WORK TO BE COMPLETED.
Look below for the line that has "40 Lou Avenue, Salem, NH 03079". Set down the lines from there through the line that has "TV and multimedia, Lobby/Reception", exactly as written.

RECORDS.
────────────────
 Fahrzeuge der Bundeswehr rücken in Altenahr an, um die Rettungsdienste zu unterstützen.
────────────────
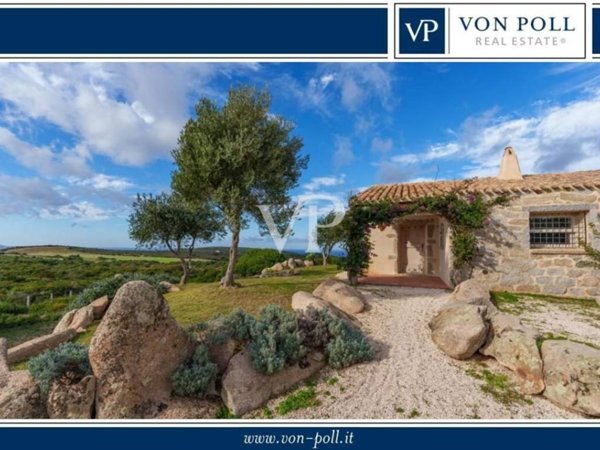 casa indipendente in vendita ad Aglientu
────────────────
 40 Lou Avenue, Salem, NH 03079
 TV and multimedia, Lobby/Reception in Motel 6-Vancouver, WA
────────────────
RESPONSE TO THE EXERCISE.
 40 Lou Avenue, Salem, NH 03079
 TV and multimedia, Lobby/Reception in Motel 6-Vancouver, WA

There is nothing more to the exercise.